論曰:舍利弗知同入法性,而不知何以謂之法性。如人知室所藏者為寶聚,不知其為黃金珠壁歟?水晶象犀歟?夫法性者,無性之性也。以無性故,循三乘之性所起,而為聲聞、為辟支佛、為菩薩,非實有三乘決定之性。惟其無決定性,故無取無證。圓覺經曰:圓覺自性,非性性有;循諸性起,無取無證。非性性有,則以非三乘故;循諸性起,則以無性故。舍利弗謂佛以小乘見度,念之不妄者,不知無性之性,隨為三乘則遒,奉佛所以濟度之法,思惟取證而已。如窶人之子,知華屋玉食,非我當亨,惟以裨販,求脫饑寒。今知免矣,則其踴躍,固其所也。知佛種種因緣言辭譬喻者,方便也。因其方便以開悟,故言從佛口生;知無性之性,所以為三乘,故言從法化生;知本來成佛,故言得佛法分。如室所藏之寶,今發露矣,珍異現前,由我受用,不復起父想、子想,亦不起用想也。金剛般若經曰:譬如人身長大而無著。菩薩釋之曰:菩薩證道時,得二種智慧,謂攝種性智及平等智。如人身長者,以方生如來家,決定紹佛種,故名攝種性智;如人身大者,已於一切智智悉成就,到平等際,有大勢力,故名平等智。言譬如人身長大者,兼此二義。舍利弗方生如來家者也,但得攝種性智,故言真是佛子。瑜伽論曰:謂是大師子,佛腹所生,佛口所生,佛法所生,佛法所化,得佛等分,則攝種性智也。
我本著邪見(至)非是實滅度。
論曰:一切賢聖證四種涅槃,而佛秘密藏大涅槃不預也。何謂四種?曰:一者、自性清淨涅槃,謂雖有染心,性常明潔,具足一切性功德故。一切有情平等共有,與一切法不一不異,離一切相、一切分別,尋思路絕,名言道斷,惟真聖者自內所證故。二者、有餘依涅槃,謂真如出煩惱障,雖有微苦,所依未滅,而障永寂故。三者、無餘依涅槃,謂真如出生死苦,煩惱既盡,余依亦滅,眾苦永寂故。四者、無住處涅槃,謂真如出所知障,大悲般若常所輔翼,所以不住生死涅槃,利樂有情,窮未來際,用而常寂故。至如佛秘密藏大般涅槃,則如伊字,三點並則不成伊。縱亦不成伊,如摩醯首羅面上三目乃得成伊,三點若別亦不得成。我亦如是,解脫之法亦非涅槃,如來之身亦非涅槃,摩訶般若亦非涅槃,三法各異亦非涅槃。我今安住如是三法,為眾生故,名入涅槃。二乘所證之涅槃,則異於是五種者矣。初則諦觀以求親證,以心粗故不見正智,及生空真如乃見惑業,後苦不生,心便變作涅槃想解。圓覺經曰:但諸聲聞所圓境界,身心語言皆悉斷滅,終不能至彼之親證所現涅槃。又曰:有妄業故妄見流轉,厭流轉者妄見涅槃。涅槃而言所證,又言妄現。舍利弗言:我於空法得證,乃至如今自覺,非實滅度。蓋因而後返者也。
若得作佛時(至)教化諸菩薩。
論曰:舍利弗出於小果,驟聞大法,剎那之間,便起見惑,至以佛為魔。緣差之失,有至是者。然魔何所從來哉?若從外來耶?則佛言:三界惟心。此義不成。何以故?以心猶有外故。

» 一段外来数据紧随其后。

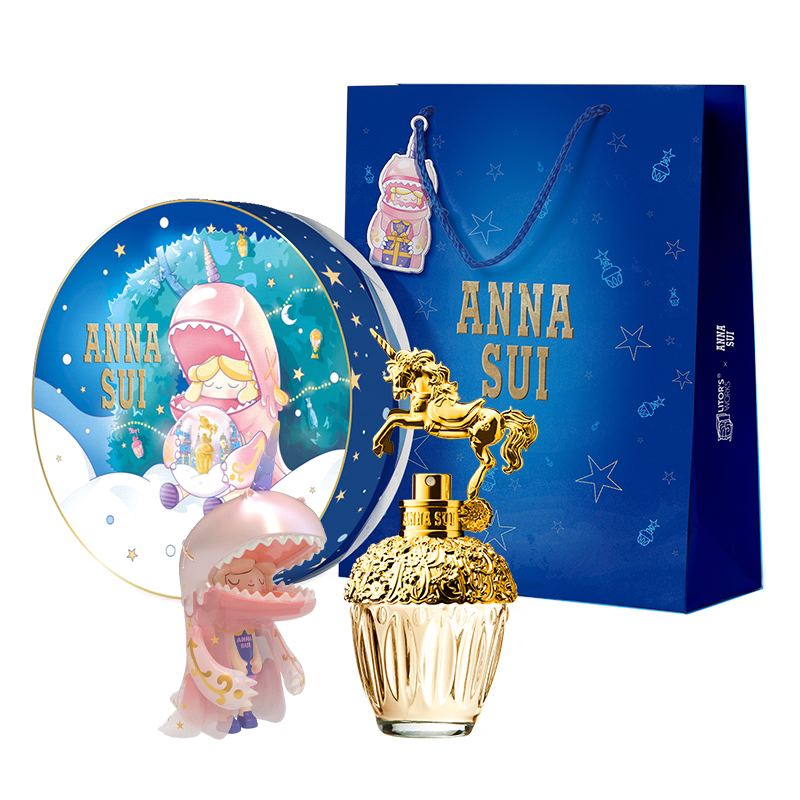 (Chinese Valentine's Day Gift) Anna Sui Perfume Joint Dinosaur Girl Limited Festival Gift Box Set Girls Gift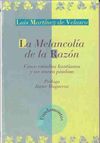 LA MELANCOLÍA DE LA RAZÓN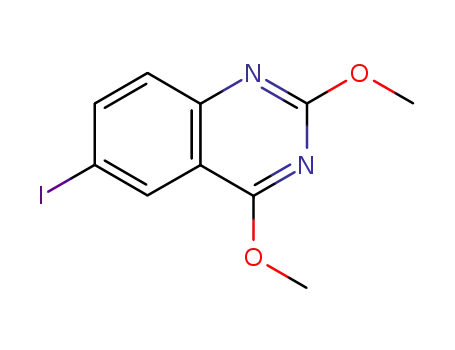 Molecular Structure of 830343-15-2 (6-IODO-2,4-DIMETHOXYQUINAZOLINE)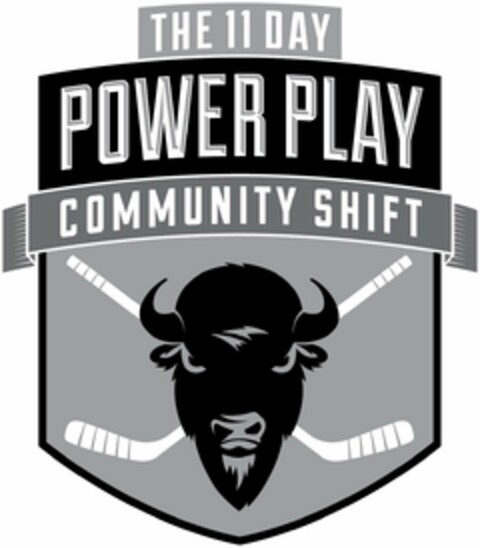 THE 11 DAY POWER PLAY COMMUNITY SHIFT Logo (USPTO, 15.03.2018)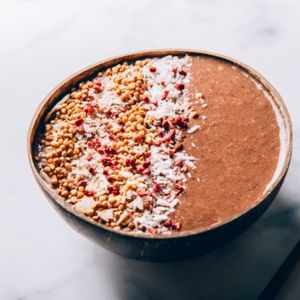 Chocolade smoothie bowl min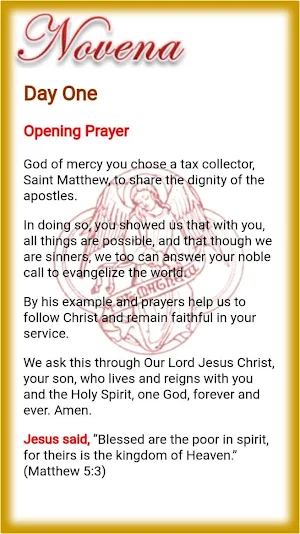 Saint Matthew Devotion Screenshot 1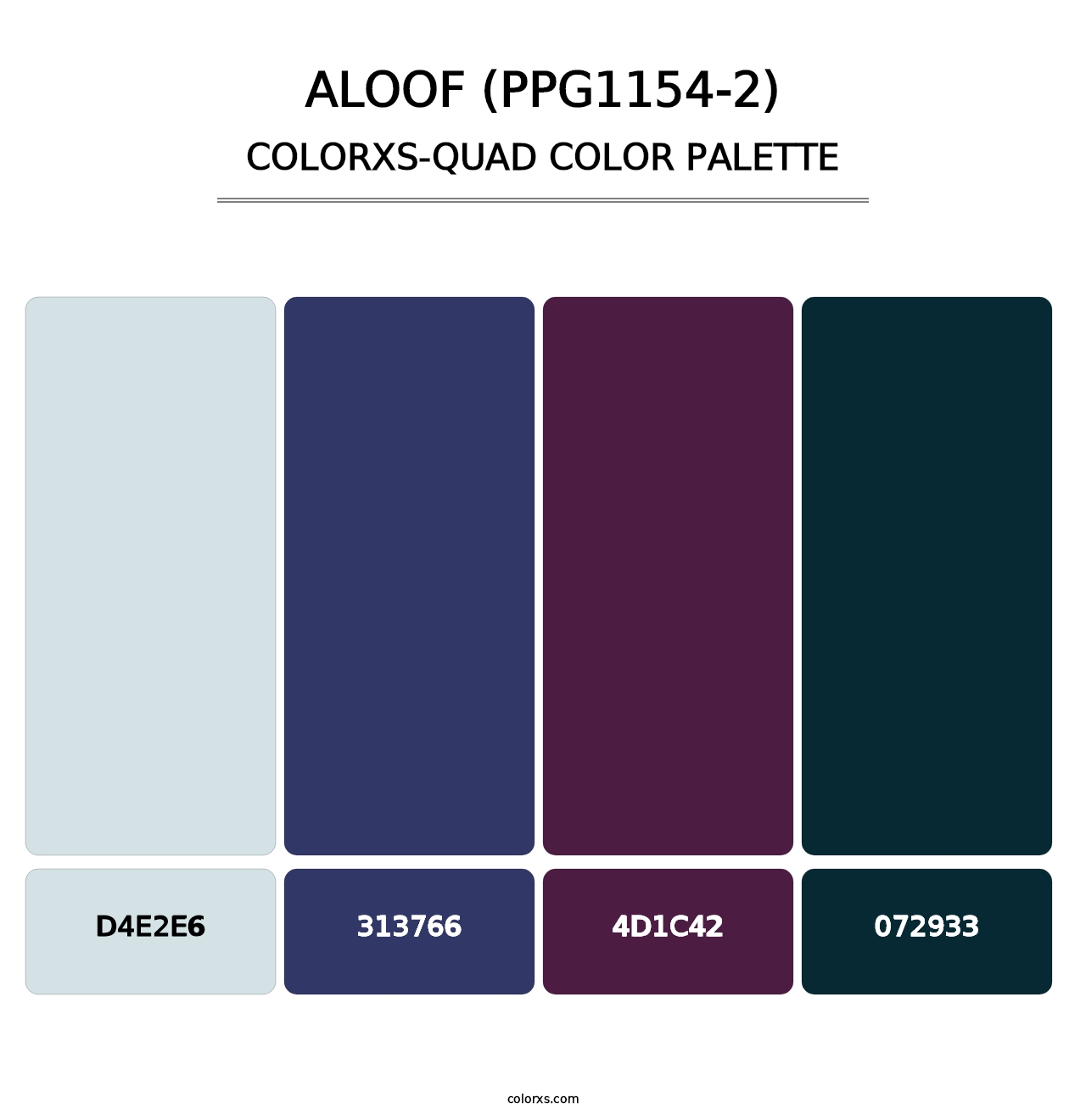 Aloof (PPG1154-2) - Colorxs Quad Palette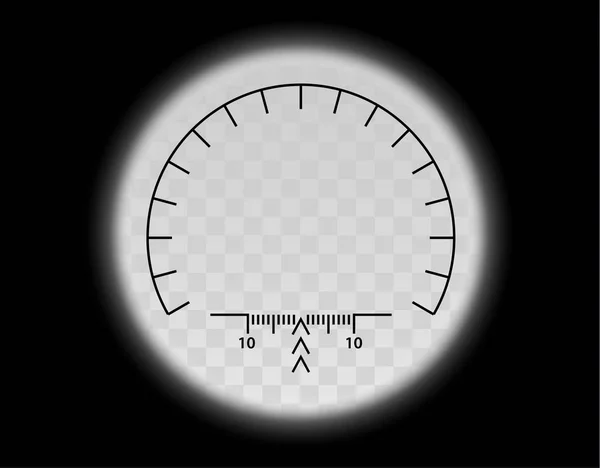 Blick durch den optischen Blick. militärisches Ausmaß. — Stockvektor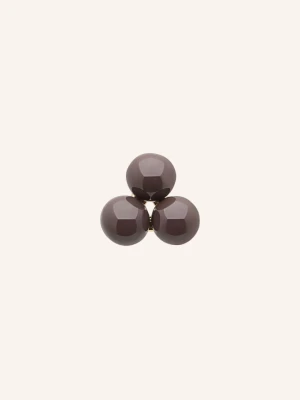 Lulu Copenhagen Kolczyki Trio braun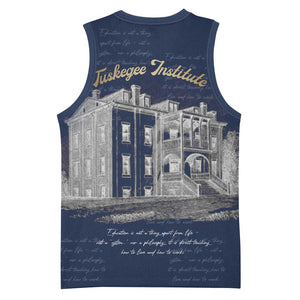 Booker T. Washington Basketball Jersey Tuskegee Institute Design Educational Legacy 1881 Historic Tribute - African Pride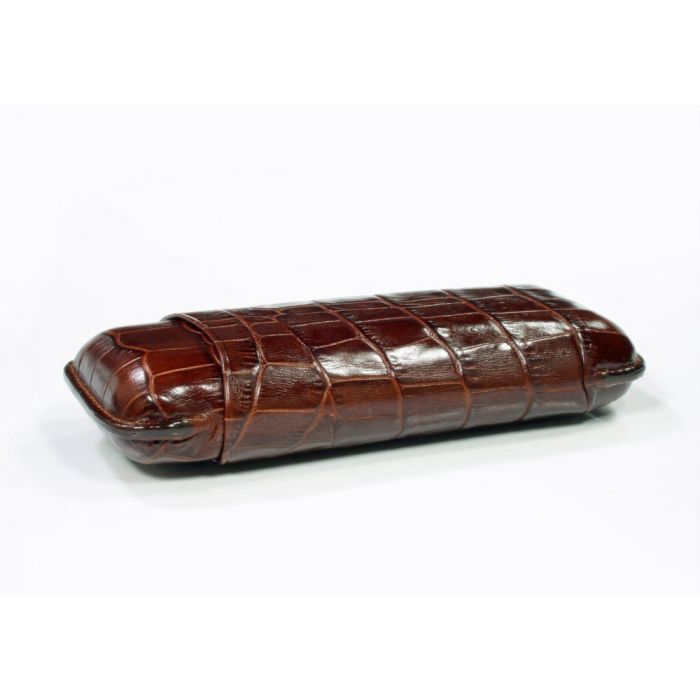 Martin Wess 590 Croco Brown - 2 Robusto&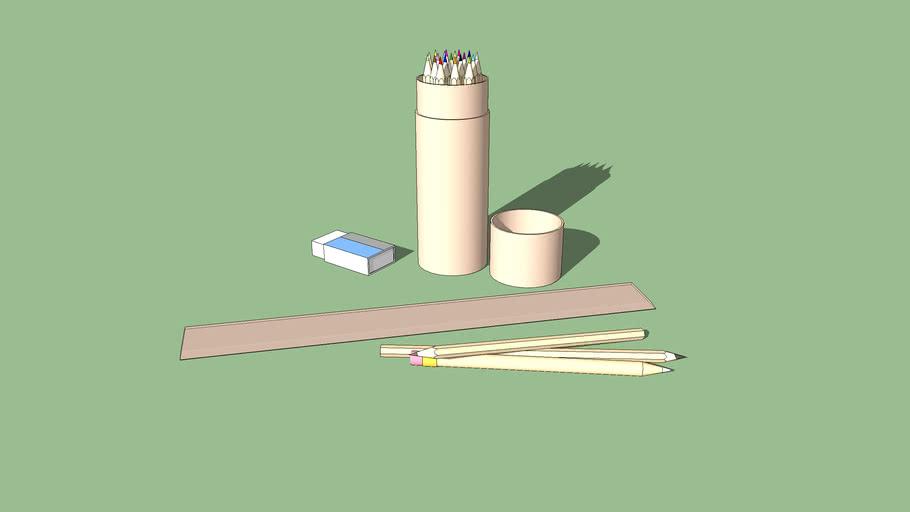 Pencils , ruler & rubber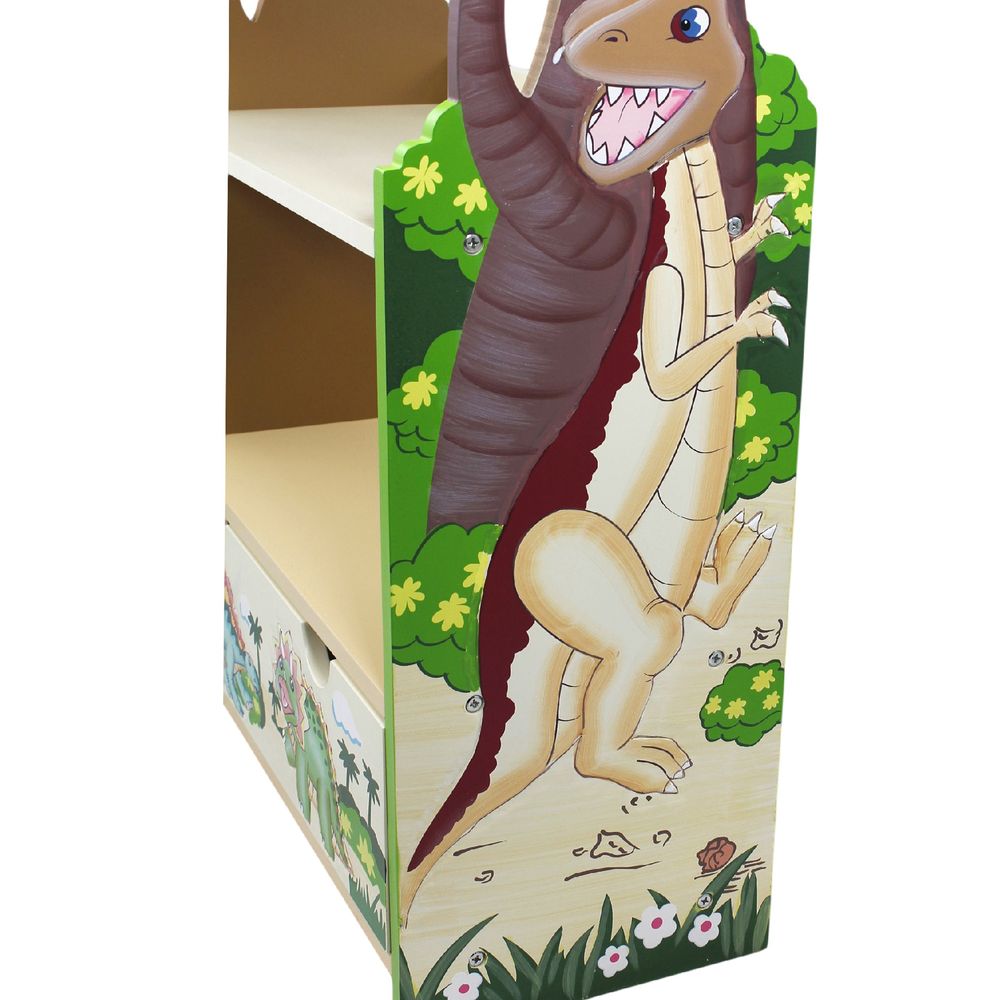 Fantasy Fields  Dinosaur Kingdom Hand Crafted Kids Wooden Bookcase TD-0069A - anydaydirect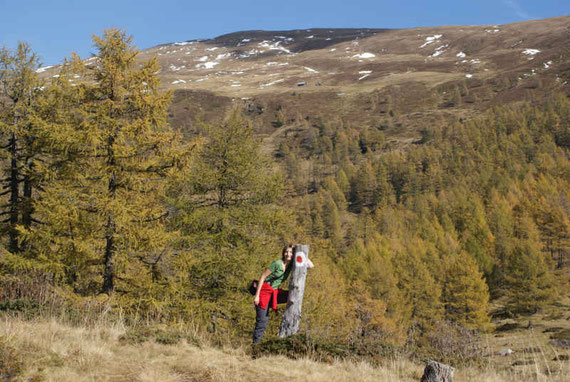 Bei der Verebnung in rund 1800m, im Hintergrund der Gipfel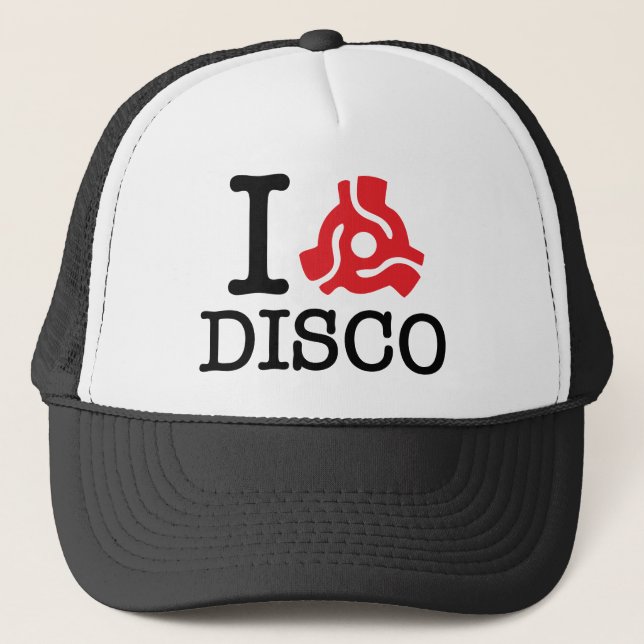 Gorra De Camionero Disco adaptador I 45 (Anverso)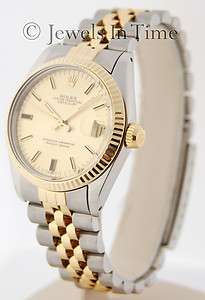 Rolex Midsize Datejust 6827 Stainless Steel 18K Yellow Gold Automatic 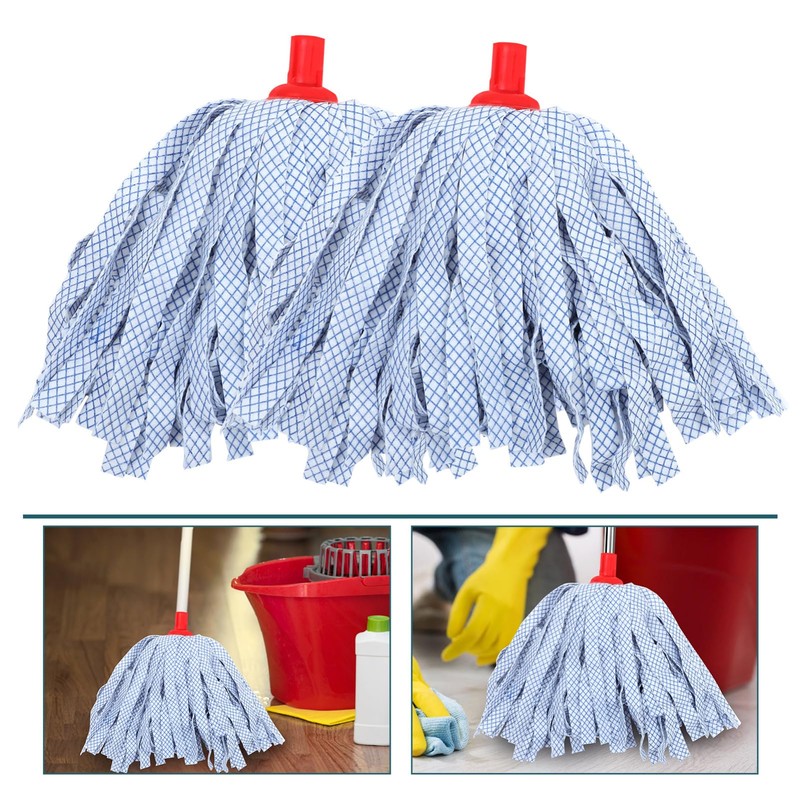 Ipetboom 2Pcs Mop Head Replacement Water-Absorb Mop Head Accessories Cleaning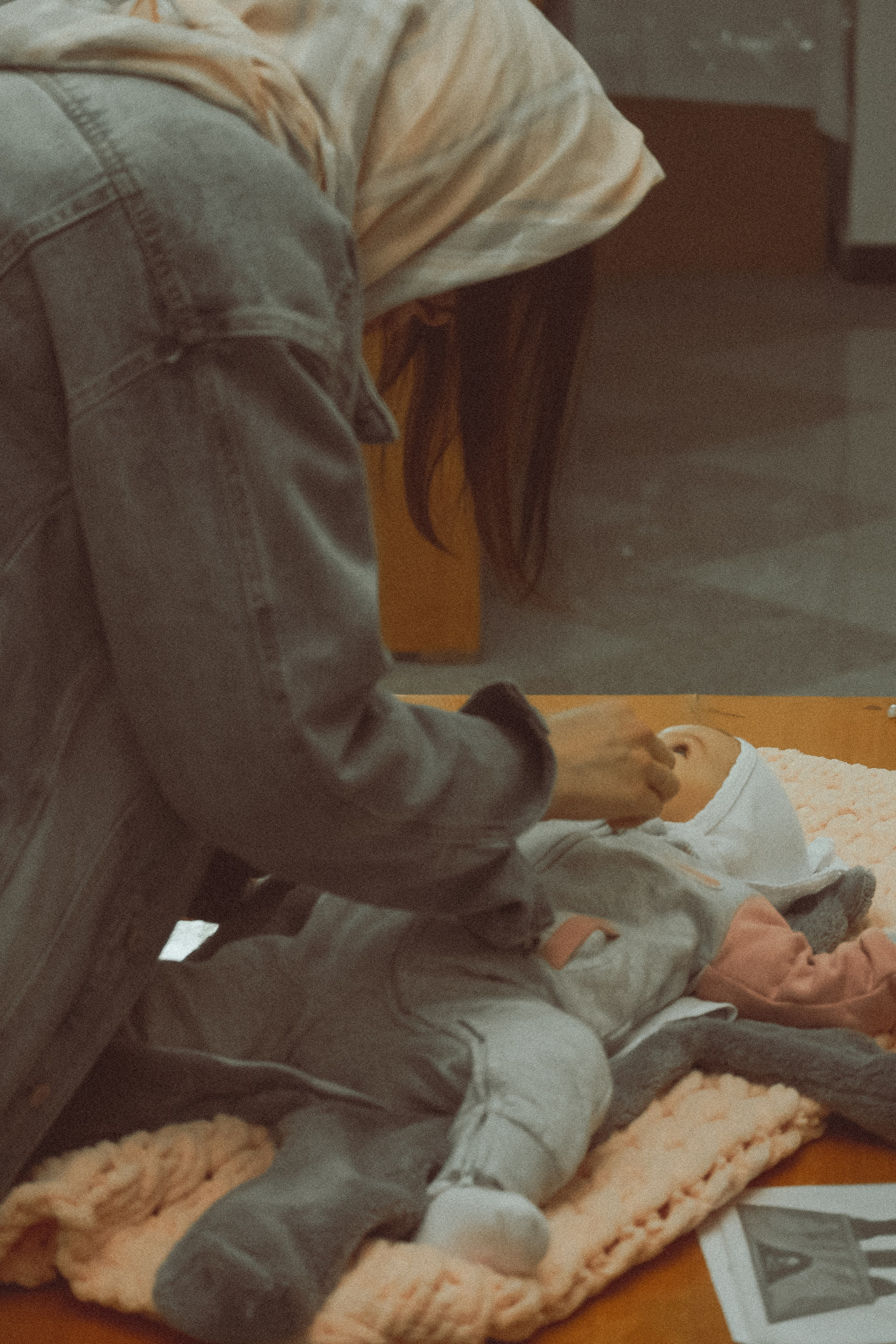 Крещение Ксении в храме Рождества Пресвятой Богородицы д. Щербинино. Фотограф Евгений Егоров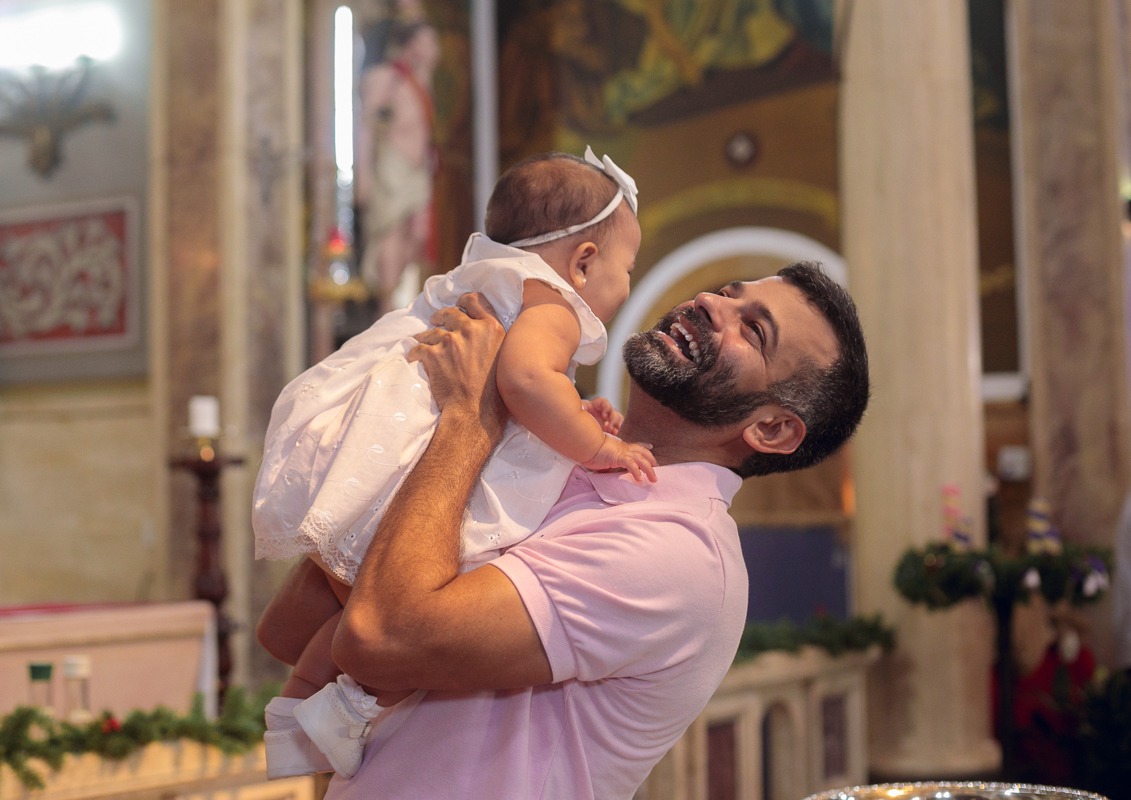 Batismo da Alice na Paróquia-Nossa Senhora do Perpétuo Socorro - Grajaú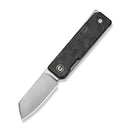 CIVIVI Kukei Front Flipper Knife Shredded Carbon Fiber Handle (2.02" Satin Finished Nitro - V Blade) C25036 Sample1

若從內出耶?則佛言:心遍十方。此義不成。何以故?以心有容受魔地故。作是觀時,魔即是佛。如善財童子,至伊沙那聚落,勝熱婆羅門所,見四面火聚,猶如大山,中有刀山,高峻無極。登彼山上,投身入火。時善財念曰:將非是魔,魔所使耶?乃至登刀山,投火聚,未至中間,即得菩薩善住三昧。才觸火?,又得菩薩寂靜樂神通三昧。善財白言:甚奇聖者!如是刀山,及大火聚,我身觸時,安隱快樂。時婆羅門告善財曰:善男子!我唯得此菩薩無盡輪解脫,如諸菩薩摩訶薩大功德?,能燒一切眾生見惑,令無有餘。舍利弗以知見力,為功德?者也。
爾時佛告舍(至)三十二小劫。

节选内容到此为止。